Gentilissima Cristina Bove ,la sua analisi sul cinismo ,è molto dettagliata e perfetta,chi le scrive è un misero viandante,ero innamorato dalla vita e lo sono ancora spero fino all’ultimo respiro, non ho grandi idee anzi poche ma in compenso fisse ,ho ricevuto solo ed esclusivamente effetti devastanti della pratica del logos,soprattutto dai pedanti,per non parlare dei politici,… che del loro sapere ne fanno un atto di potere. Nel prosieguo del viaggio terreno ho assistito alla incoronazione dell’ego umano,abito a 2 km da Pontida………,questo è il frutto della cultura occidentale. Assistiamo tristemente al calvario dell’umanità ,affanni , strazi e turbolenze che ci portano a negare la vita ,noi stessi,ovvero stiamo cancellando l’amore unico senso di vita e l’unico mezzo che conduce ad anima.
L’espressione dell’uomo è la poesia,si è vero tutti scrivono poesie,ma secondo me mancano i poeti, sono solo stati di umore quello che leggiamo e a insidie protagonistiche nella maggior parte delle poesie,che leggo ,ma la poesia che conduce alla vita ,cioè uscire dai libri dal virtuale è rarissima ci sono alcuni da seguire esempio Maria Allo e Luigi Roscigno. Mi raccontava Arturo Schwarz, è bello che scrivono tanti ma bisogna pure leggere!.
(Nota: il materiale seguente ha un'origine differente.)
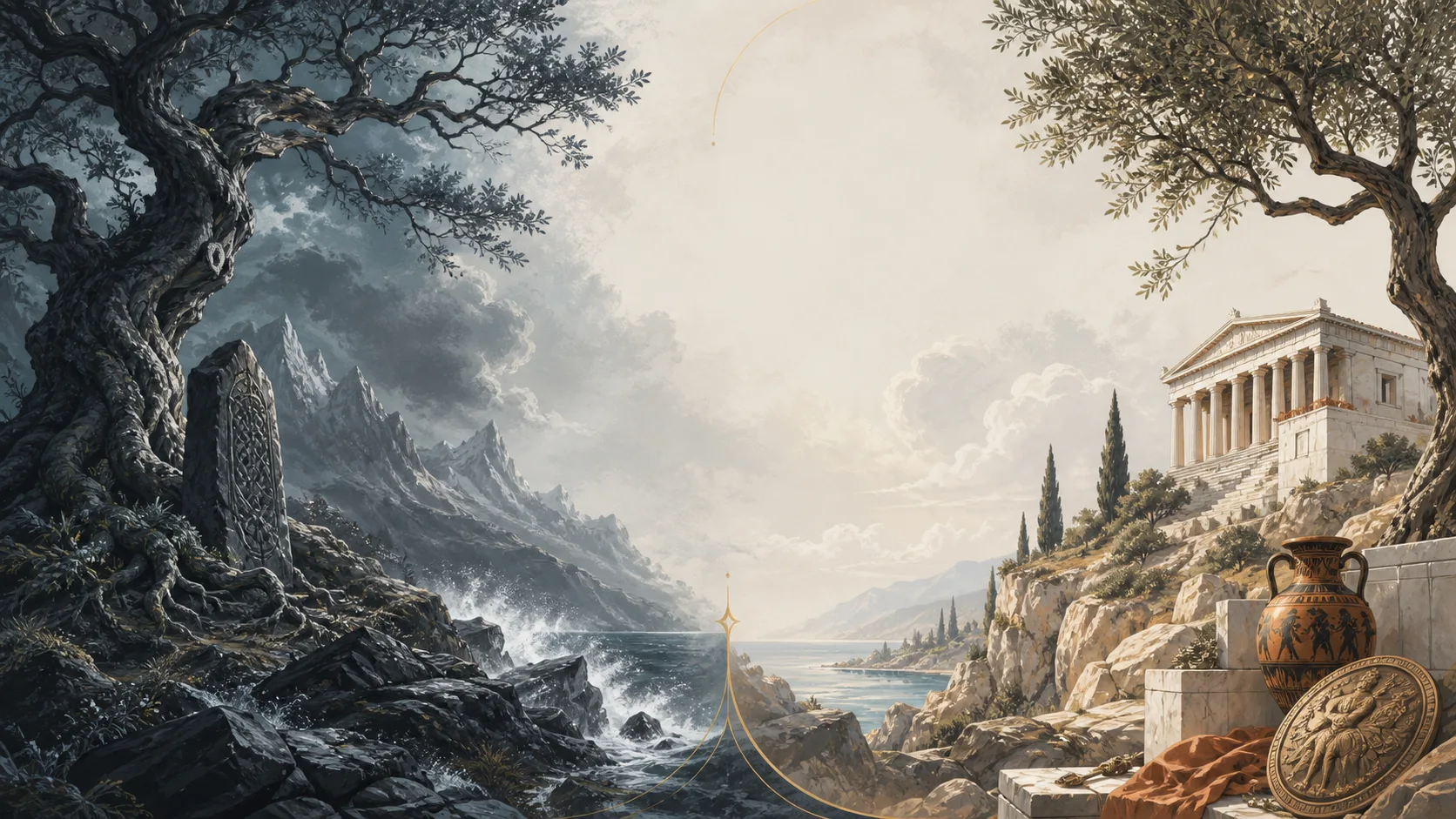 A stormy Norse coast facing a sunlit Greek sanctuary across a shared sea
Non mi interessa cosa pensa di me ,sono l’ultimo viandante per destino ma per il fato cerco di edificare speranza,so che la poesia è vita ed io amo la vita. Solo la terapia della letteratura, ella saggezza dell’incontro con la sofia ci rende fragile e deboli da farci praticare il perdono prima a noi stessi e poi ad altri ,questa è la “cura” per contrastare cinismo ,odio,rancore e avidità che irrompono il nostro cuore.
L’amore fa parte della poesia della vita. La poesia fa parte dell’amore della vita. Amore e poesia si generano a vicenda e possono identificarsi l’uno con l’altra. Se l’amore è l’unione suprema della saggezza e della follia ,dobbiamo accettare l’amore…io sto con questa follia. Se la poesia trascende saggezza e follia, dobbiamo aspirare a vivere lo stato poetico e limitare i danni della razionalità.